O primeiro discute-se assim. — Parece que o temor não é paixão da alma.
1. — Pois, como diz Damasceno, o temor é uma virtude que supõe a sístole, i. é, a contração, e é desiderativa da essência. Ora, nenhuma virtude é paixão, conforme Aristóteles o prova. Logo, o temor não é paixão.
2. Demais — Toda paixão é efeito de uma presença proveniente do agente. Ora, o temor não se refere a nada de presente, mas sim, ao futuro, como diz Damasceno. Logo, o temor não é paixão.
3. Demais — Toda paixão da alma é um movimento do apetite sensitivo, consecutivo à apreensão do sentido. Ora, o sentido não apreende o futuro, mas, sim, o presente. E o temor, referindo-se a um mal futuro, não pode ser paixão da alma.
Mas, em contrário, Agostinho enumera o temor entre as outras paixões da alma.
Solução. — Entre os outros movimentos da alma, o temor é, depois da tristeza, o que principalmente implica a noção de paixão. Pois, como já dissemos, ao conceito de paixão pertence: — primeiro, ser um movimento da virtude passiva, para o qual o seu objeto está como um motor ativo, pois, a paixão é um efeito do agente. E deste modo também consideramos paixões o sentir e o inteligir. — Segundo e mais propriamente, chama-se paixão o movimento da virtude apetitiva. — E, ainda mais propriamente, o movimento da virtude apetitiva servida por um órgão corpóreo, acompanhado de certa transmutação corpórea. — E enfim, propríssimamente, chamam-se paixões os movimentos que acarretam alguma nocividade.

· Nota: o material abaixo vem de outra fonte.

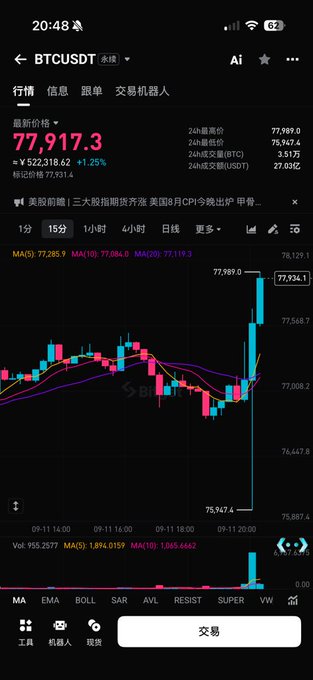 A BTC/USDT 15-minute chart from the trading platform shows the price recently dropping to a 24-hour low of 75,947.4 before sharply rebounding to 77,917.3 (up 1.25%), with the volatile wick-shaped candle visually capturing the painful fakeout move referenced in the post about longs and shorts getting wrecked.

Ora, é manifesto que o temor, sendo relativo ao mal, pertence à potência apetitiva que, em si mesma, respeita o bem e o mal. Pertence ao apetite sensitivo, por ser acompanhado de certa transmutação, que é a contração, como diz Damasceno. E implica além disso relação com o mal, enquanto este pode de algum modo, levar-nos de vencida. Por onde, mui verdadeiramente lhe cabe a natureza de paixão; vem contudo depois da tristeza, relativa ao mal presente, porque o temor é relativo ao mal futuro, que não move como o presente.
Donde a resposta à primeira objeção. — Virtude designa um certo princípio de ação; por isto, na medida em que os movimentos interiores da potência apetitiva são princípios de atos exteriores, chamam-se virtudes. O Filósofo porém nega seja a paixão uma virtude, pois, a virtude é um hábito.
Resposta à segunda. — Assim como a paixão do corpo natural provém da presença corpórea do agente, assim a da alma, da presença animal do agente, sem presença corporal ou real; e isso se dá quando o mal, realmente futuro, se torna presente pela apreensão da alma.
Resposta à terceira. — O sentido não apreende o futuro; mas, apreendendo o presente, o animal é movido, por um instinto natural, a esperar um bem futuro ou a temer um futuro mal.